由不得她多想,心口處越發的疼痛起來,仿佛有千萬隻螞蟻啃食著心髒,她捏緊了衣角,鮮紅的血液順著她的嘴角流了下來。
母親見到這一幕,忙應下護士:“快去準備。”
“好的。”白衣護士一手疊合起病床,一手拉縮欄杆,不一會兒病床便隻有了數米大小。
護士推著病床,像門外離去,母親也跟隨其後,掩護在未離的左右,唯恐她再出現些別的狀況。
進了手術室的門,母親便不再跟了,未離隻能眯著眼看母親那身好似頹廢般的影子。
荒涼。
昏暗的燈光折射出一個煞好的風景,溫暖又帶著些迷醉,仿佛能挖掘出人的內心深處。
她感覺不到痛了,神經係統如同麻醉了一般,腦海裏同時也浮現出一些陌生的場景。
她伸出手去抓,不知為何,她真的不想失去它們。

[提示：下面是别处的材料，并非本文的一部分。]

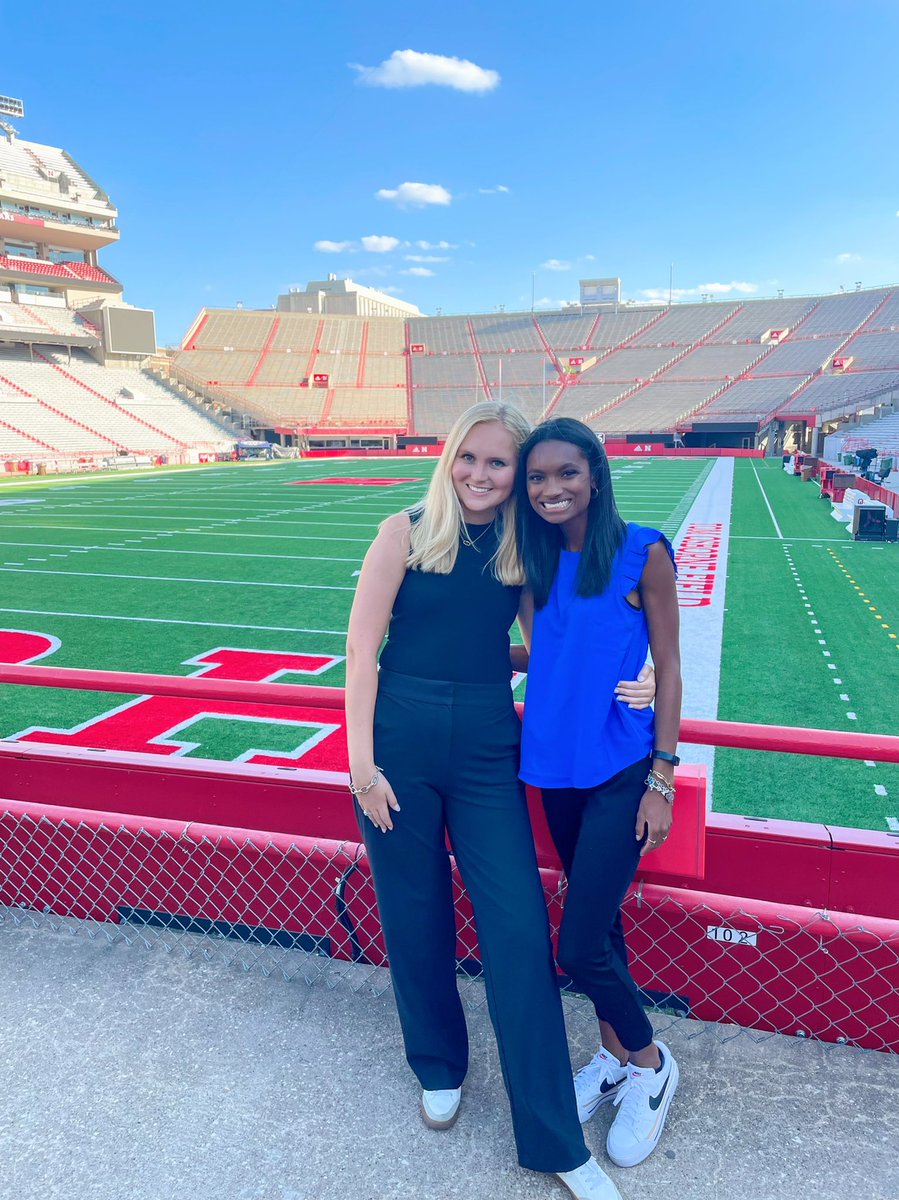 <a href="/TheCarlyMurray/">Carly Murray</a> &amp; I will be with you as the #Sooners take on the #Huskers tomorrow from Memorial Stadium! <a href="/Gameday_U/">GamedayU</a>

可是隻得眼睜睜地看著它們飛走,然後默默的垂下手臂。
慢慢地,腦海中的意識也淡了,漸漸模糊起來,再也未曾出現過任何人的身影。
完全剔除。
……
睜開眼已經不知是何日,母親說這一睡應該有了半星期,未離揉了揉眼睛,那刺眼的陽光照射進來仿佛觸碰到了她心底的另一根弦,一根溫潤的弦。
“小離,可要回學校?”母親正打算出門,見她醒來匆匆問道,唯恐我再昏睡過去。
至從那日以後,她的意識便越發模糊了,常常在半醒不醒地狀態,特別容易昏睡。
生活恢複了常態,母親每天為著一些瑣事忙碌著,出出進進,也很少能夠見上一麵。
思考片刻,未果,她還是疑惑的看向母親。
“我忘了……”你失憶了。
母親垂下眼簾,滿是自責與悔恨,眉頭緊緊湊在一起,擠成了一座小山峰。
那日注射了藥物,也的確對身體有了很大的傷害,第一是嗜睡,第二原本少有的記憶也消失的一幹二淨,有時迷茫的就像個小孩子,第三怕黑暗。
“花花。”未離脫口而出,母親一下子愣在原地,驚訝在她眼中演繹的淋漓盡致,“別擔心……”
“你記起來了什麼?”母親那雙好看的眸子折射出耀眼的七彩光,深深地鐫刻在她的心中。
不忍拒絕,但她還是無力地搖搖頭。
母親顯得有些頹廢,但也隻是一瞬間,她便像似原地複活一般:“沒關係,我相信會有轉機。”
未離配合著點了點頭:“也許。”
也許她不知道,母親卻是知道,花花這個稱呼是她以前才會喚母親的。因為母親叫陵菡萏,菡萏不就是花嘛,於是從小她便鮮少正常呼喚母親。
從失憶的她口中聽到這兩個字,母親隻覺得分外親切。
“那……”母親欲言又止,垂下眼眸道,“以前的你活得太累,若是現在你還會選擇骷霸爾軍校嗎?”
她很想隨了母親的心願,可是心底卻有一種聲音在叫囂,在渴望著那個地方。
哪怕是令人心痛的回憶……她想其實沒有失憶自己也會去闖的。